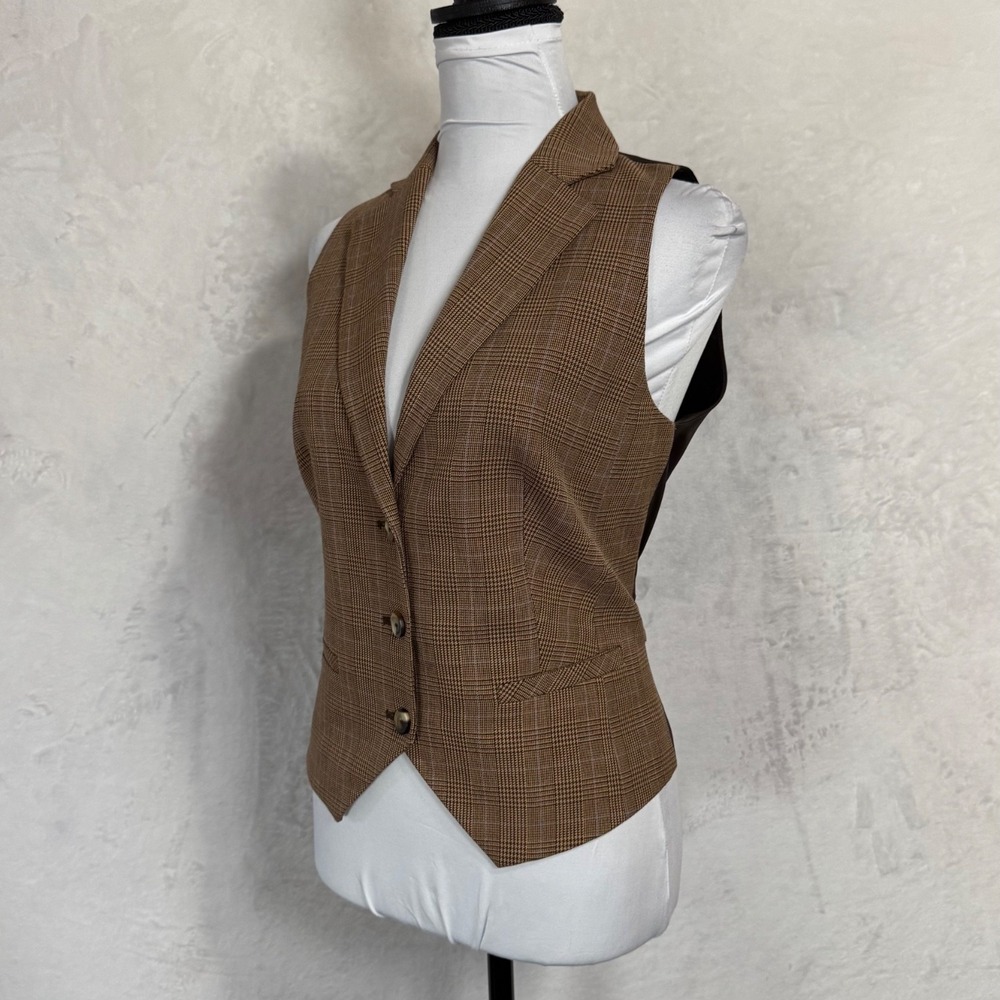 Liz Claiborne 90s Plaid‎ Vest Tailored Suit Waistcoat Size 6 Heritage Equestrian - Picture 6 of 15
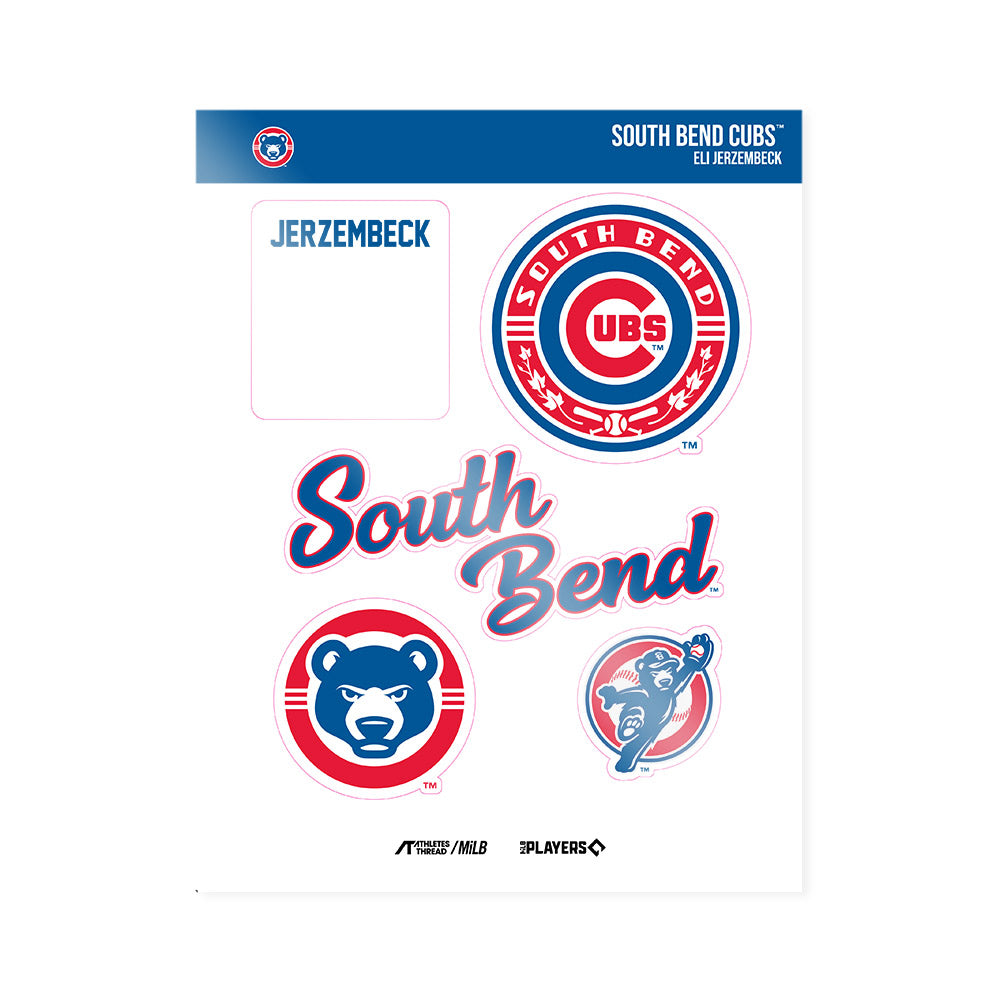 South Bend Cubs - MILB Baseball : Eli Jerzembeck - Sticker Sheet-0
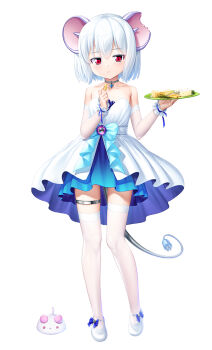 1girl animal_ears cable cable_tail cheese choker commentary_request dress food full_body highres holding holding_plate kuuchuu_yousai looking_at_viewer mechanical_tail mouse_ears mouse_girl petite plate red_eyes second-party_source solo standing tail taimanin_(series) taimanin_rpgx tenko_yuki thigh_strap thighhighs white_background white_dress white_hair white_thighhighs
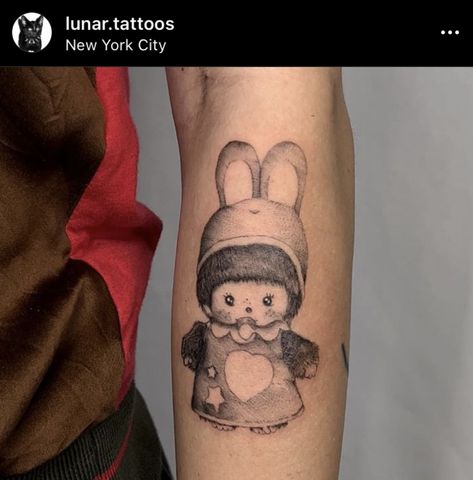 monchhichi baby tattoo by @lunar.tattoos on instagram #monchhichi #tattoo #tattoosforwomen Monchhichi Tattoo, Monchichi Tattoo, Lunar Tattoos, Baby Tattoo, Cute Small Tattoos, Makeup Tattoos, Baby Tattoos, Tattoo Inspo, Get A Tattoo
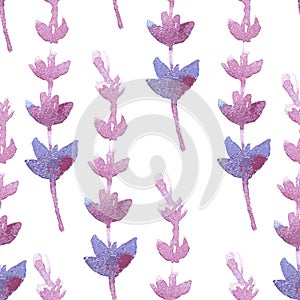Vector watercolor lavender delicate bunch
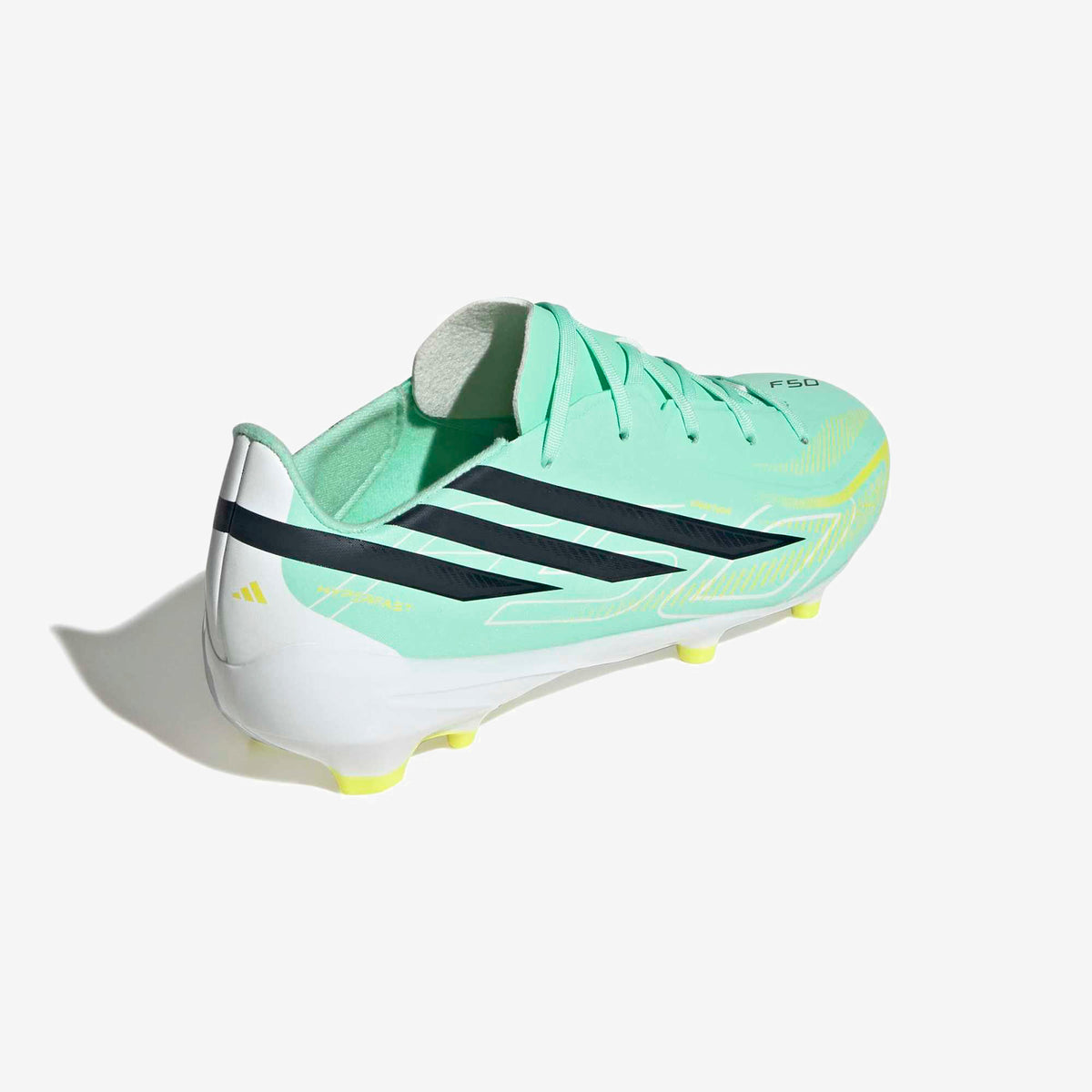 adidas Jr. F50 Hyperfast League Big Kids' Firm-Ground Low-Top Soccer Cleats - Pulse Mint / Night Navy / Solar Lemon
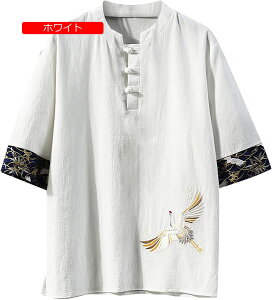 メンズ 夏服 シャツ Tシャツ リネン 半袖 綿麻 和風 刺繍 五分袖 大きい サイズ カジュアル ゆったり おしゃれ 無地 Vネ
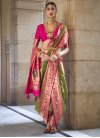 Olive and Rose Pink Silk Blend Designer Contemporary Style Saree - 1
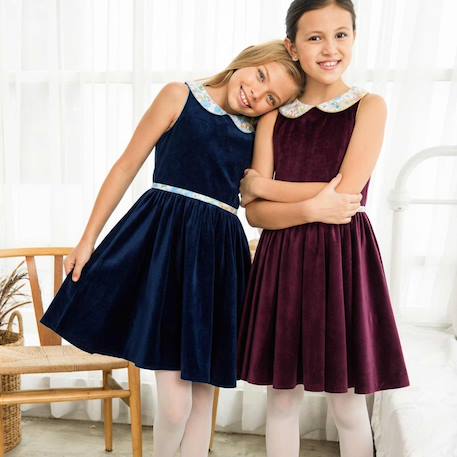 Robe fille en velours & col claudine liberty hepburn Bordeaux col liberty pastel 2 - vertbaudet enfant 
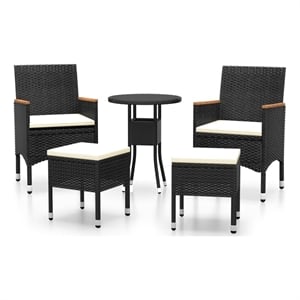 Afuera Living 5 Piece Poly Rattan Garden Lounge Set in Black/Cream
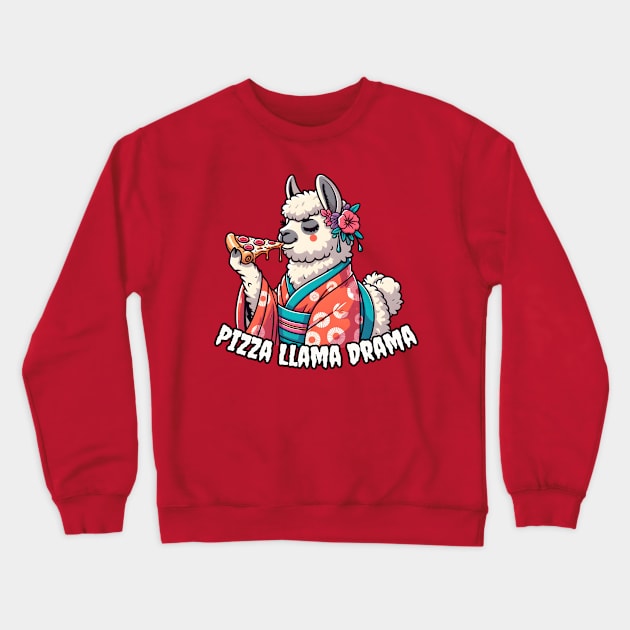 Pizza llama Crewneck Sweatshirt by Japanese Fever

____________

EXERCISE REQUIREMENTS: Reproduce the listing word for word, but keep the pictures out of it.

WRITTEN SOLUTION:
 Liz Claiborne 90s Plaid‎ Vest Tailored Suit Waistcoat Size 6 Heritage Equestrian - Picture 6 of 15
 South Bend Cubs - MILB Baseball : Eli Jerzembeck - Sticker Sheet-0
 1girl animal_ears cable cable_tail cheese choker commentary_request dress food full_body highres holding holding_plate kuuchuu_yousai looking_at_viewer mechanical_tail mouse_ears mouse_girl petite plate red_eyes second-party_source solo standing tail taimanin_(series) taimanin_rpgx tenko_yuki thigh_strap thighhighs white_background white_dress white_hair white_thighhighs
 monchhichi baby tattoo by @lunar.tattoos on instagram #monchhichi #tattoo #tattoosforwomen Monchhichi Tattoo, Monchichi Tattoo, Lunar Tattoos, Baby Tattoo, Cute Small Tattoos, Makeup Tattoos, Baby Tattoos, Tattoo Inspo, Get A Tattoo
Vector watercolor lavender delicate bunch
 adidas Jr. F50 Hyperfast League Big Kids' Firm-Ground Low-Top Soccer Cleats - Pulse Mint / Night Navy / Solar Lemon
 メンズ 夏服 シャツ Tシャツ リネン 半袖 綿麻 和風 刺繍 五分袖 大きい サイズ カジュアル ゆったり おしゃれ 無地 Vネ
 Olive and Rose Pink Silk Blend Designer Contemporary Style Saree - 1
 Robe fille en velours & col claudine liberty hepburn Bordeaux col liberty pastel 2 - vertbaudet enfant 
 Afuera Living 5 Piece Poly Rattan Garden Lounge Set in Black/Cream
 Pizza llama Crewneck Sweatshirt by Japanese Fever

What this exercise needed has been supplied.